RSVSR Where to Find New Crafting Parts in ARC Raiders Shrouded Sky
I went into Shrouded Sky expecting the usual: spooky weather, new ARC variants, maybe a few balance nudges. Instead, the update grabbed my whole routine by the collar. Crafting now sits at the centre of everything, and even stuff like ARC Raiders Coins feels less like the backbone of early progress and more like a side tool you might lean on when you're in a pinch. You'll notice it fast with ammo. The Energy Clip being on the Workbench from the start sounds minor, but it removes that old habit of checking vendors like it's your day job.
Ammo First, Shopping Later
That one change flips early-game priorities. You don't have to plan runs around trader stock or pray the right consumables are listed. You can craft, top off, and head out. It makes the opening hours feel more like survival and less like errands. You'll still scavenge, sure, but now you're scavenging with a purpose: feeding your own bench, not feeding some imaginary wallet. It also changes how you think about risk. If you can replace basic ammo reliably, you're more willing to take fights and explore farther instead of playing it safe just to preserve a thin supply line.
High-Utility Gear Got a Reality Check
Then you hit the other side of the overhaul. Big-ticket tools like the Deadline and Trailblazer are pricier across the board, and the game makes it clear you're not meant to spam them. Recycle values and trader prices are up, but the real wall is the new dependency on rarer ARC parts. The Wolfpack grenade is the cleanest example: it used to be something you could keep rolling with steady materials, and now you're staring at a Rocketeer Driver in the recipe. That's not a passive craft anymore. That's you choosing to hunt something dangerous, on purpose, and hoping the drop goes your way.

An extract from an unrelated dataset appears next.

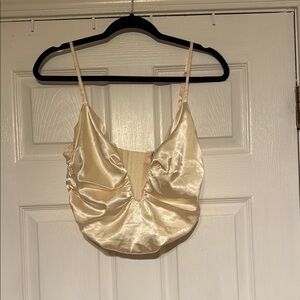 Elegant Cream Satin Ruched Top Size Large Tic Toc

Drop Chasing, Not Part Hoarding
The same pressure shows up with Vita Spray and the Showstopper, since Tick Pods and Hornet Drivers become the gating items. Those parts don't feel flexible; they're more like keys that only fit one lock. And if you were one of the players who'd sell ARC Parts for quick cash, that lane's basically closed. Their sell values have been cut so hard you're pushed to keep them for crafting, even when your stash is already cramped. It turns inventory into a constant set of trade-offs: carry more "future power," or carry the stuff that keeps you alive right now.
What It Feels Like in Real Matches
That's why people are split. Embark's clearly trying to make top-tier loadouts come from real danger, not safe-zone stockpiles, and on paper it's fair. In practice, it can feel like friction for friction's sake when you're missing one weird driver and it stalls your whole plan. You'll see squads adapt, too: more targeted hunting, more route planning, more "we're leaving because we got the part" moments. If you want to smooth the grind, some folks will still look at ARC Raiders Coins buy as an option, but the bigger win is learning which fights actually pay out and which ones just burn resources for nothing.